- Problem to solve: After finding "人脑解剖图像的创作背景。历史" in the material below, output its line and every line after it through the last, exactly, but not the pictures.

Raw data Start Marker

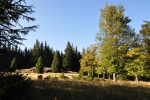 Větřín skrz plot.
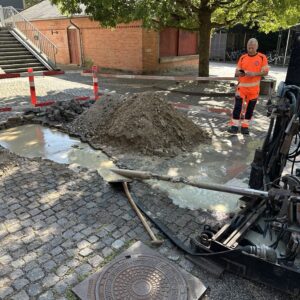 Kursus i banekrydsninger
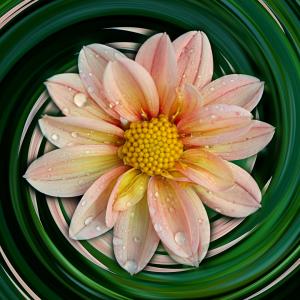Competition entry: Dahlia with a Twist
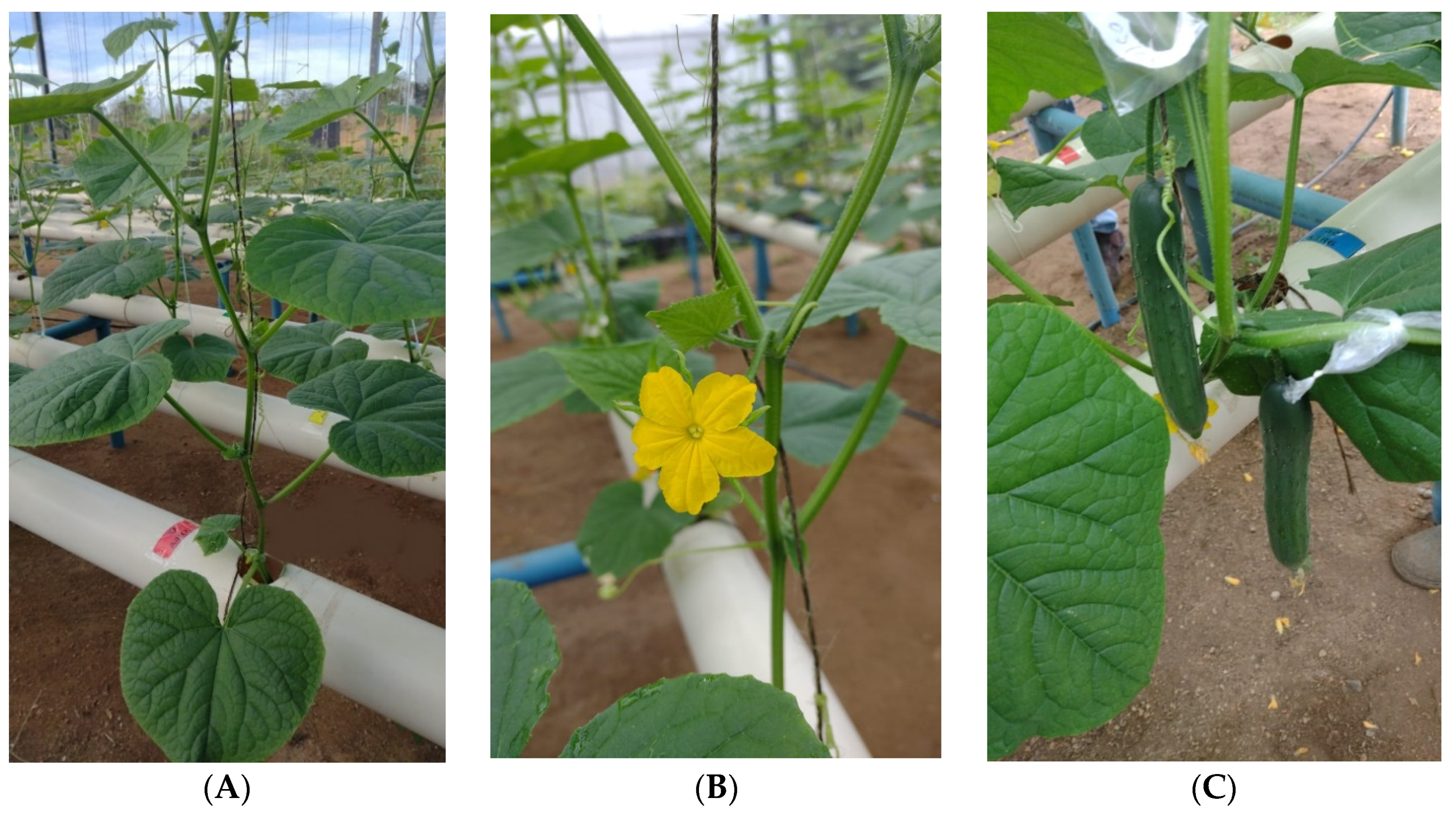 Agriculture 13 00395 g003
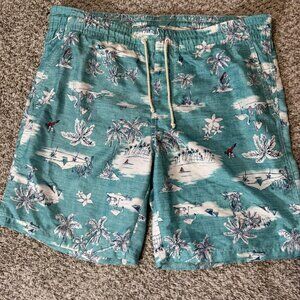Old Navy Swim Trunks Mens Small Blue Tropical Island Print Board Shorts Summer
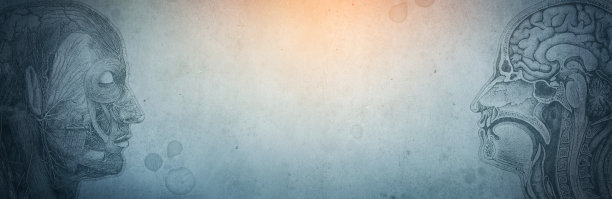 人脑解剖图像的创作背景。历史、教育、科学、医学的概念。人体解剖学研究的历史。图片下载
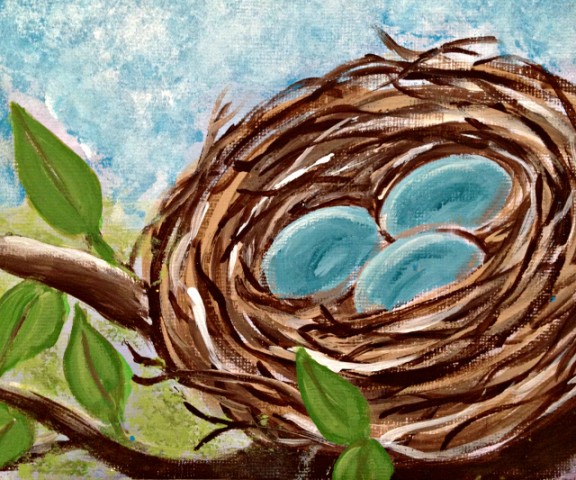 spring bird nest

Raw data End Marker

- Answer for the task:
 人脑解剖图像的创作背景。历史、教育、科学、医学的概念。人体解剖学研究的历史。图片下载
 spring bird nest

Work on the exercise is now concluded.